Embattled Mexican governor to step down

The embattled outgoing governor of an eastern Mexico state who faces federal corruption investigations said Wednesday that he will step down almost two months before his term ends.

Veracruz Gov. Javier Duarte made the announcement in an interview with the Televisa network.

"Precisely due to this situation (of allegations), I have decided today to ask the state congress for leave from the position of state governor," Duarte said. "(Veracruz) needs a full-time governor ... And I need time exactly to address these complaints."

Mexico's ruling Institutional Revolutionary Party stripped Duarte of his party rights last month. In June, it lost the gubernatorial election in Veracruz for the first time. Duarte had become a powerful symbol of alleged corruption that the national party feared could drag it down ahead of 2018 presidential elections.

Duarte is widely criticized for his administration's alleged corruption and the unsolved killings of at least 16 journalists during his six years in office. Families comb the hills looking for secret graves and any other traces of their missing loved ones.

The Zetas and the Jalisco New Generation cartel battle for supremacy, leaving their own bloody imprint on Veracruz state.

Last month, the federal Attorney General's Office announced that it was taking over two corruption investigations involving the outgoing governor. Duarte and others were being investigated for illegal enrichment, embezzlement and breach of duty.

On Wednesday, Duarte denied allegations of links to dozens of phantom businesses that the federal tax authority has identified as winning state contracts.

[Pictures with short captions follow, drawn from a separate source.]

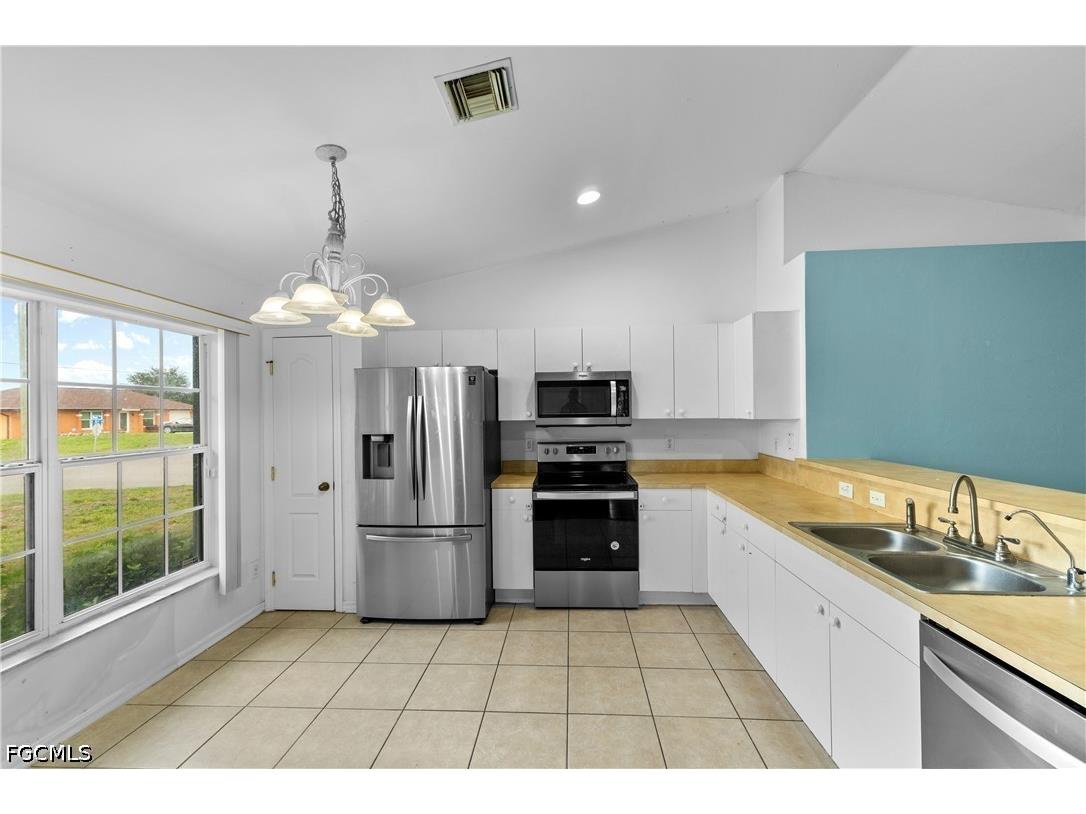 5230 5th Street W Lehigh Acres FL 33971 2026022313 image8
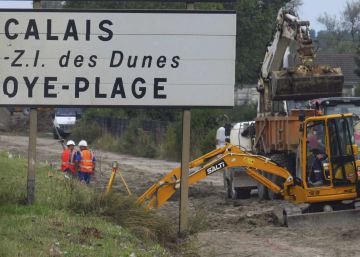 El reparto de los 9.000 migrantes de Calais enturbia la precampaña francesa El reparto de los 9.000 migrantes de Calais enturbia la precampaña francesa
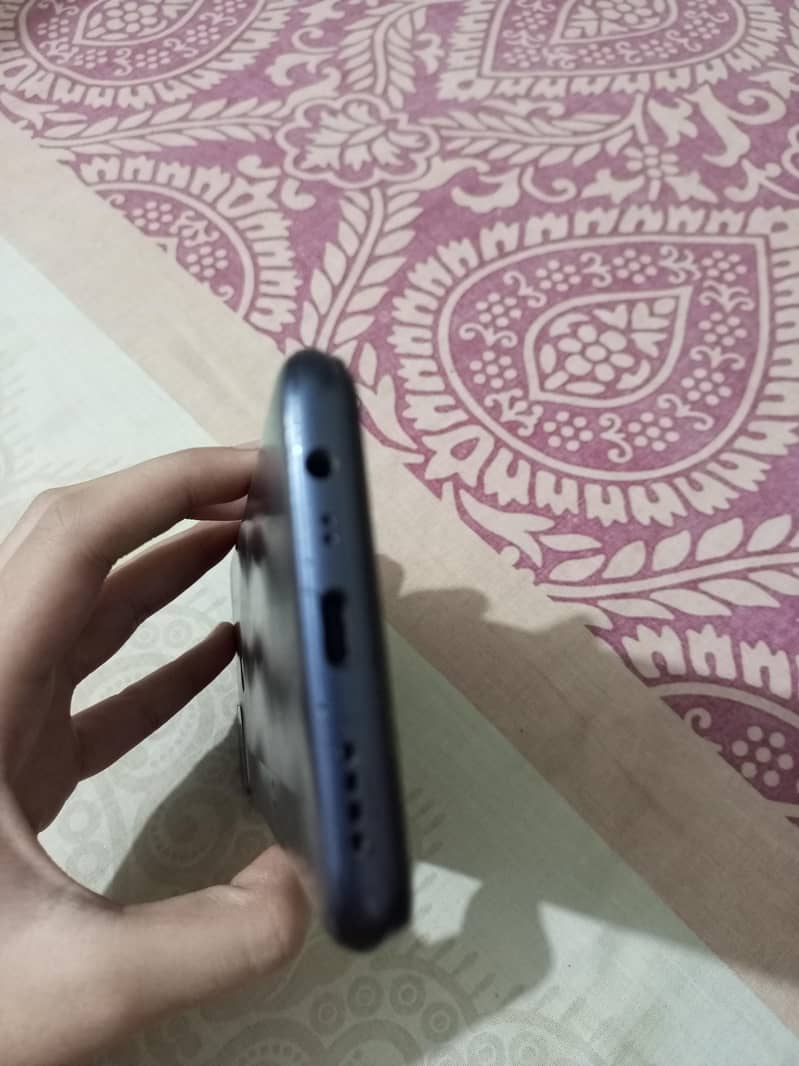 Realme C25 - Mobile Phones - 1120915711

He said he had not stolen a single peso from government funds and he denied diverting government funds to overseas destinations.

"I don't have foreign accounts, I don't have properties anywhere," Duarte said.

Governor-elect Miguel Angel Yunes made punishing Duarte a centerpiece of his campaign.

Yunes promised on Wednesday that once he takes office on Dec. 1 he will make public the evidence he says will show how the state's coffers were looted under Duarte, who originally was to serve until Nov. 30.

"Javier Duarte goes with full pockets and leaves Veracruz burning," Yunes said.